*DIRECTIONS*:
In the material below, pictures must be dropped. Repeat exactly, and only, the lines from the line with "Five-phase D2D ramp" to the line with "最近【海南省东兴有疫情吗,海南东方市疫情最新消息3例】", both ends included.

(PROVIDED DATA begins)

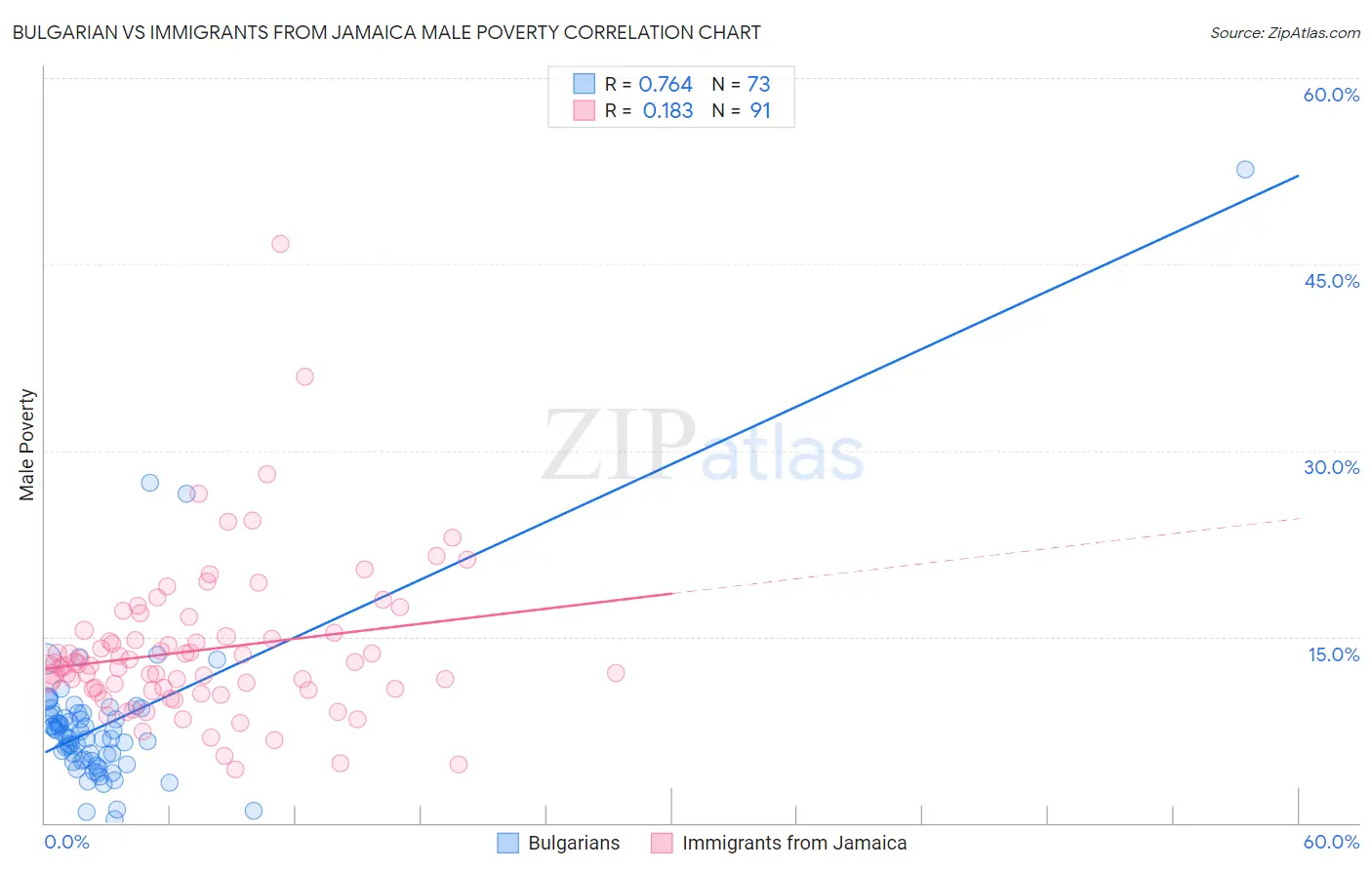 Bulgarian vs Immigrants from Jamaica Male Poverty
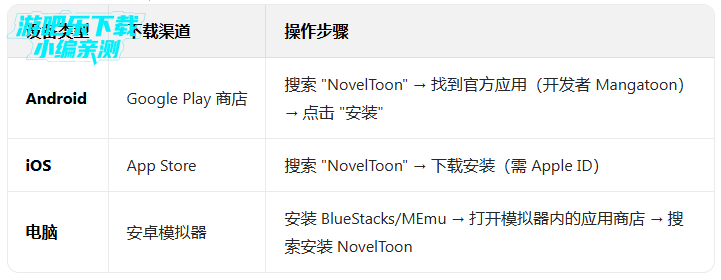 noveltoon动画app安卓下载 noveltoon动画app安卓下载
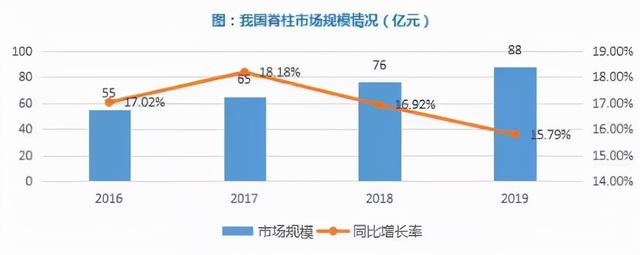 国潮!鑫君特引领骨科机器人"自动手术执行"时代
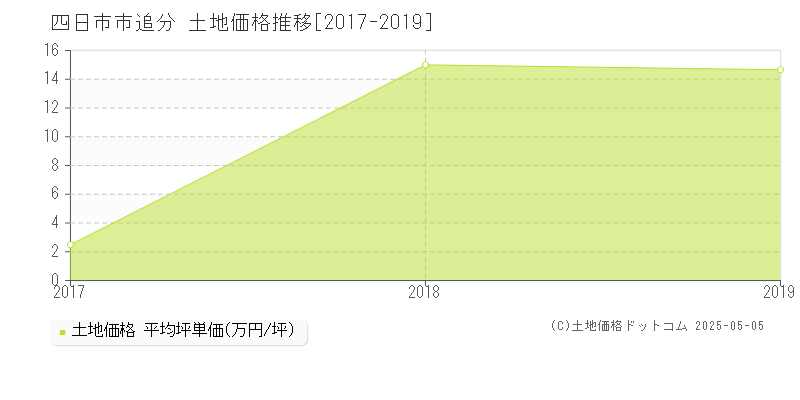追分(四日市市)の土地価格推移グラフ(坪単価)[2017-2019年]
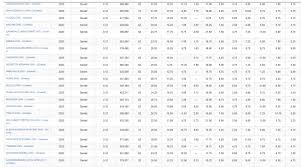 Sınıf öğretmenliği taban puanları 2021 , sınıf öğretmenliği başarı sıralamaları 2021. Turkce Ogretmenligi Taban Puanlari 2021 Turkce Ogretmenligi Taban Puani Kac 2021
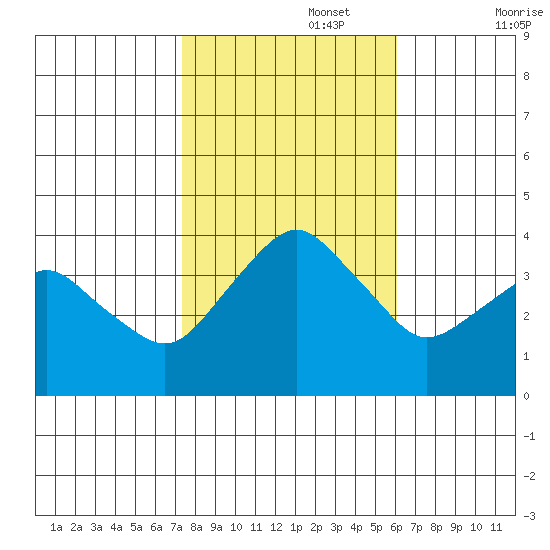 Rehoboth Beach tide chart for Wednesday, October 27, 2021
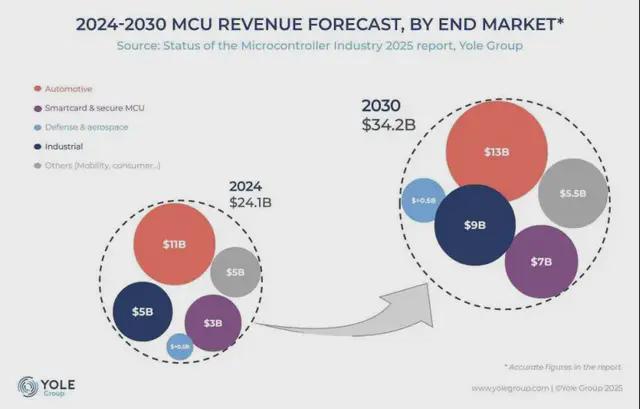 MCU市场新周期汽车将成最大“金主”(图2)
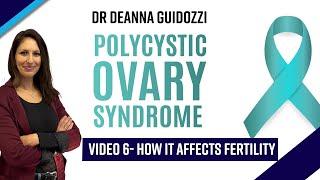 Polycystic Ovary Syndrome PCOS impacts ovulation [upl. by Vyse]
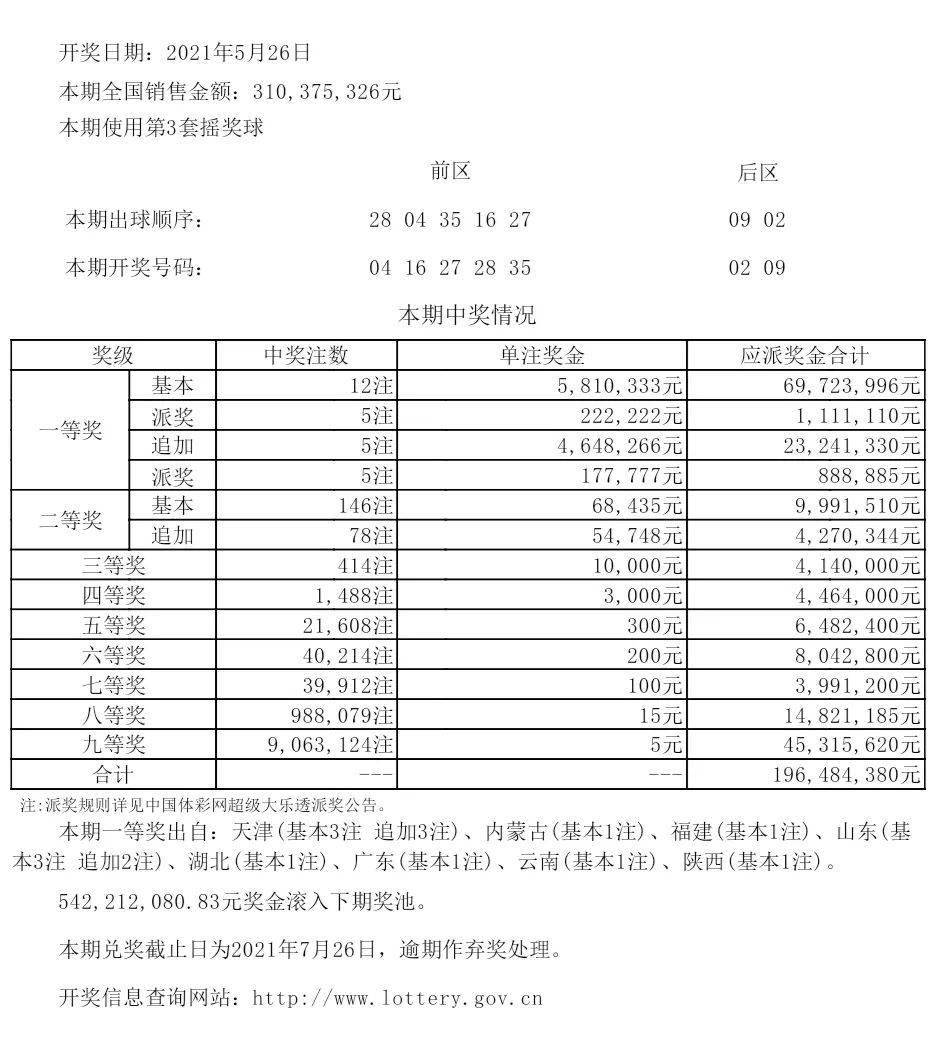 新奥全部开奖记录查询,新奥全部开奖记录查询，探索与解析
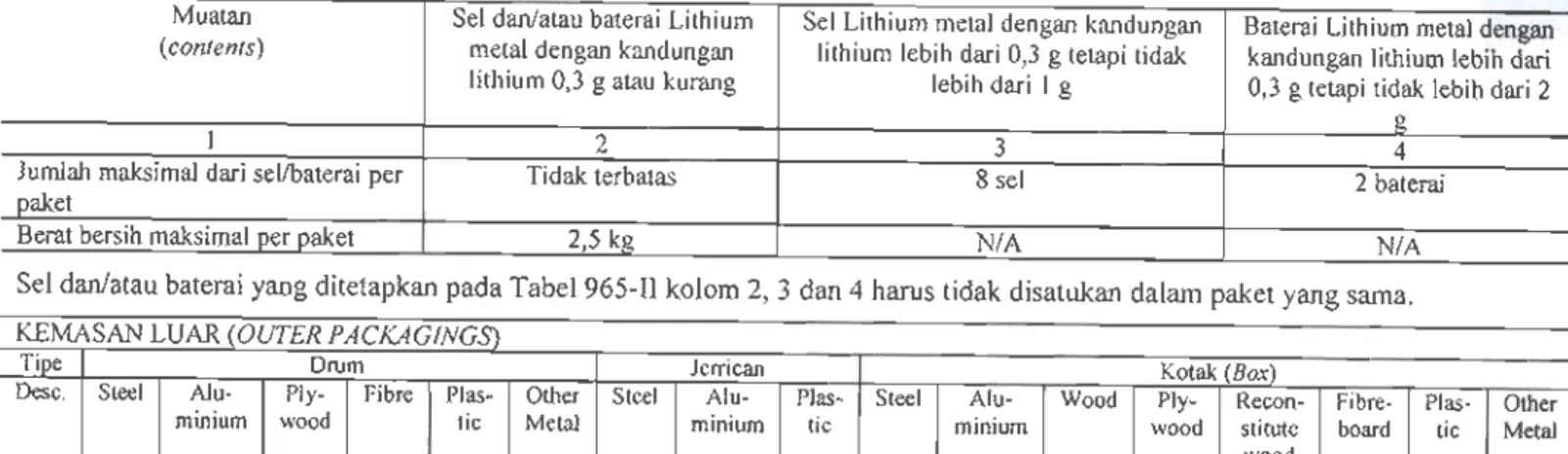 Tabel 968-II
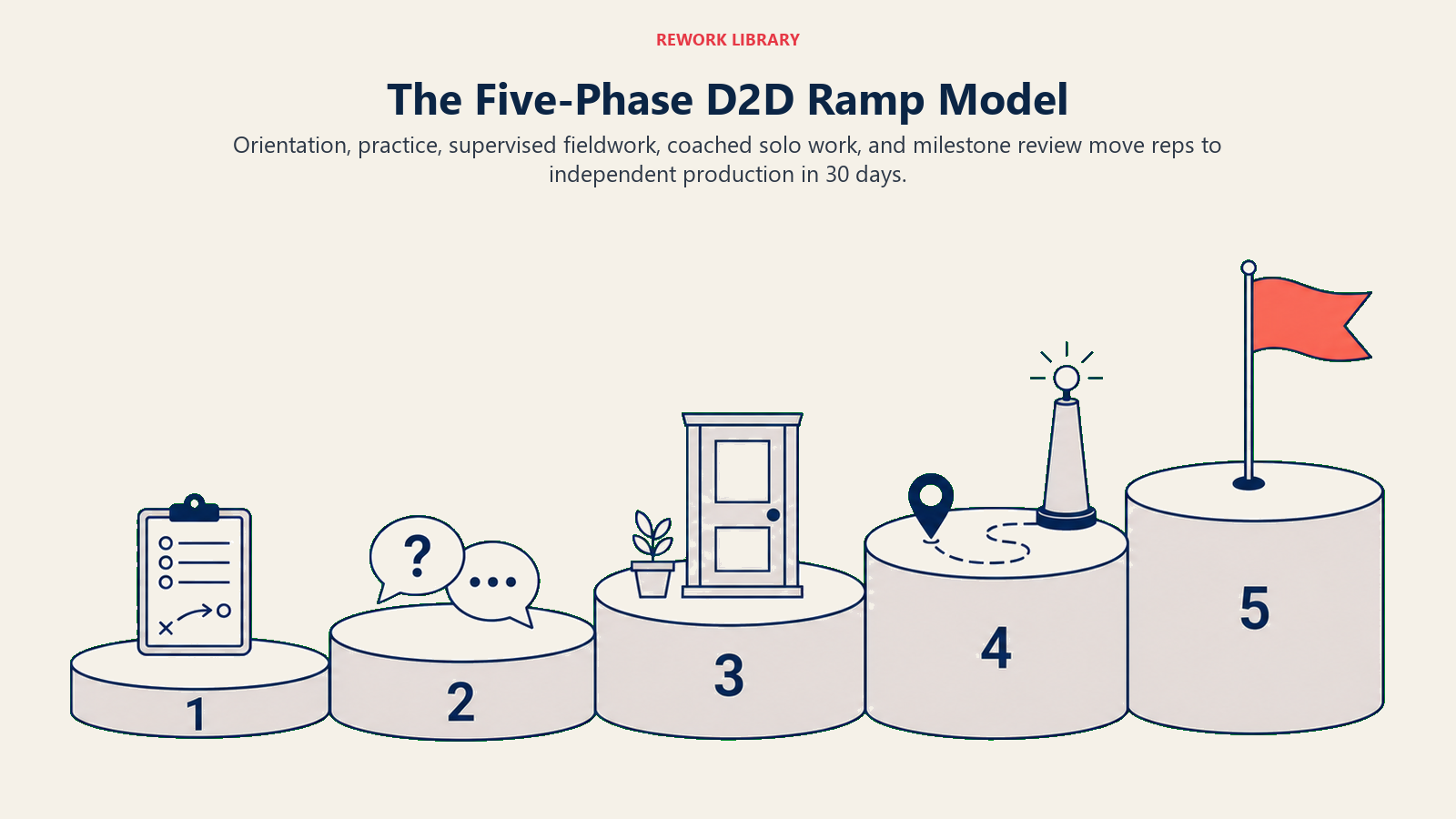 Five-phase D2D ramp model from orientation to independent production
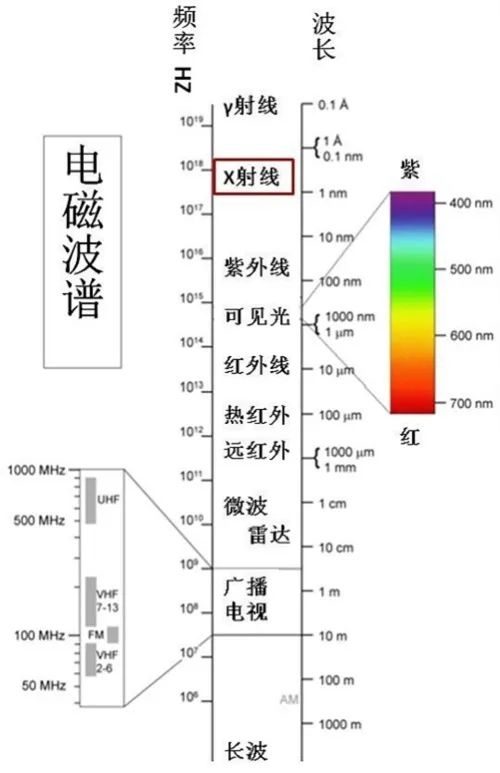 沈阳长城宽带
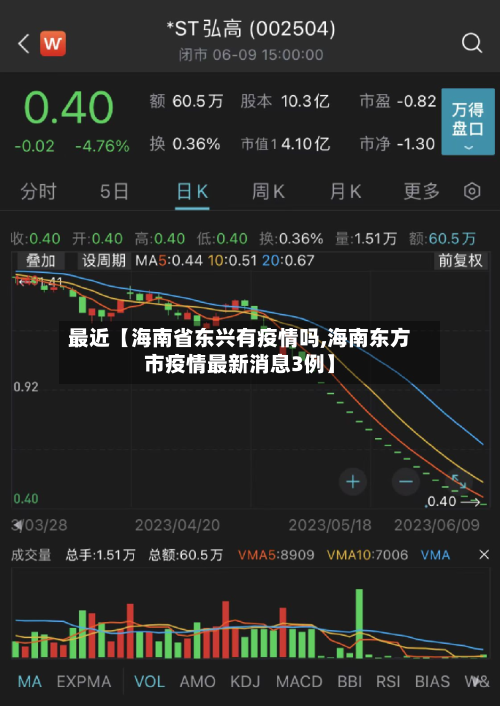最近【海南省东兴有疫情吗,海南东方市疫情最新消息3例】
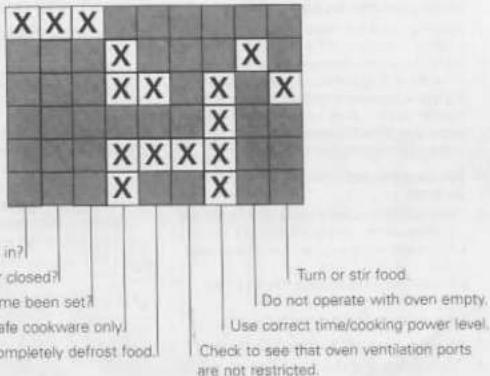X X X X X X X X X X X X X X X X X Turn or stir food. Do not operate with oven empty. Use correct time/cooking power level. Check to see that oven ventilation ports are not restricted.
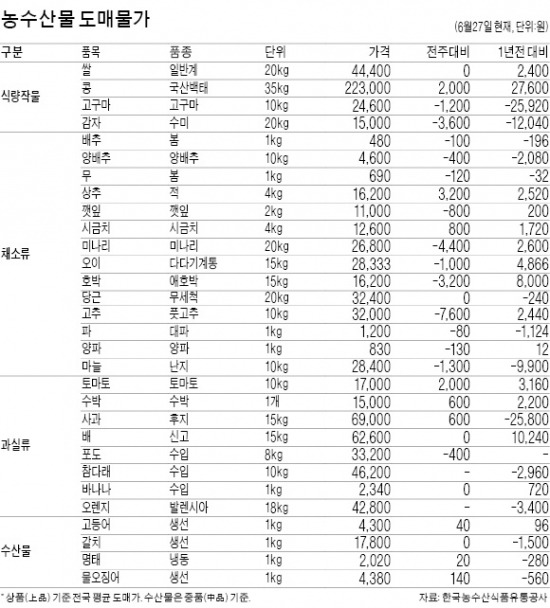 [농수산물·산업자재 시세] 생산량 확 늘어 감자값 1년새 40% ↓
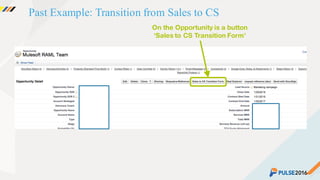 ©2015 Gainsight. All Rights Reserved.
On the Opportunity is a button
‘Sales to CS Transition Form’
Past Example: Transition from Sales to CS
 
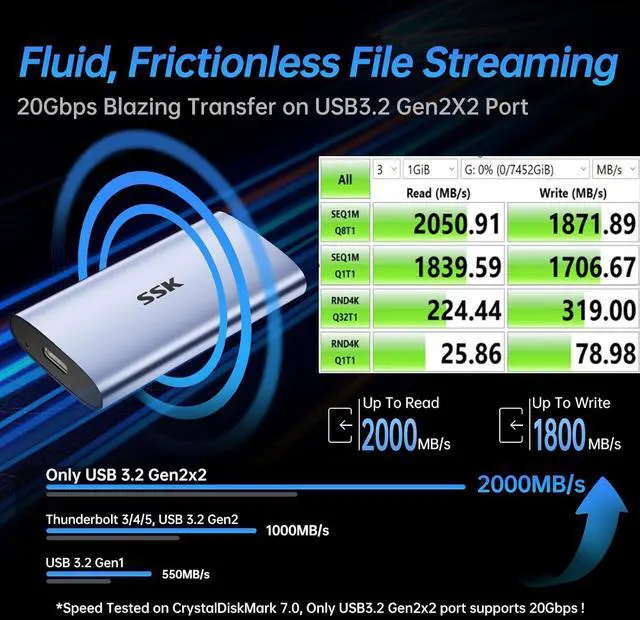 Alt view image 2 of 7 - SSK Portable SSD 1 TB, up to 2000 MB/s External Solid State Drives, USB 3.2 Gen2X2 NVMe SSD External Hard Drive, Ultra Low Power for iPhone 15/ MacBook/Pro/OTG Phone/Laptops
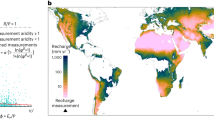 research paper on groundwater pollution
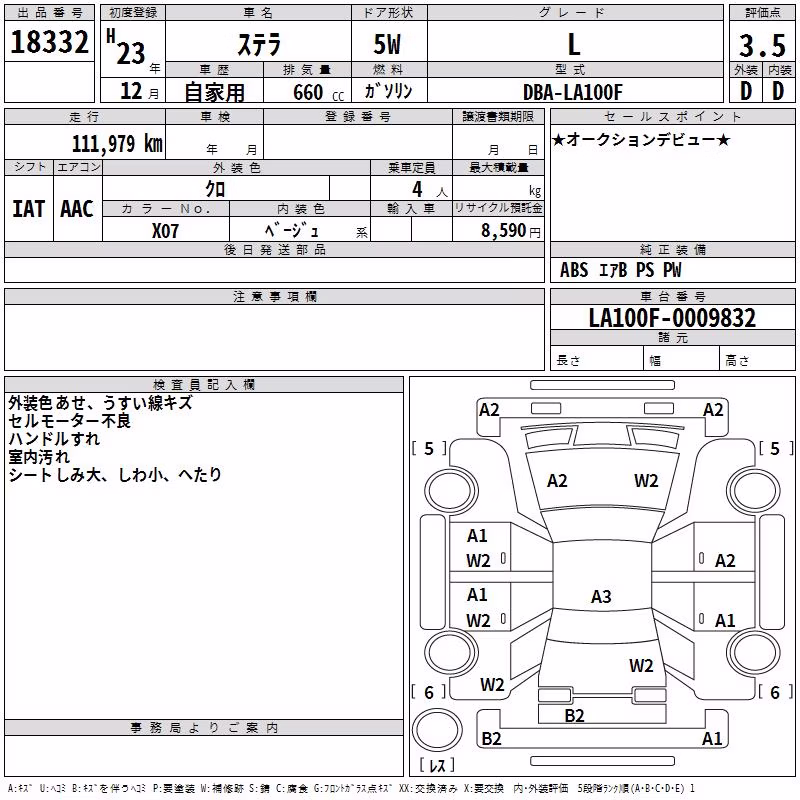 SUBARU STELLA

(PROVIDED DATA ends)

*SOLUTION FOR THIS EXERCISE*:
 Five-phase D2D ramp model from orientation to independent production
 沈阳长城宽带
最近【海南省东兴有疫情吗,海南东方市疫情最新消息3例】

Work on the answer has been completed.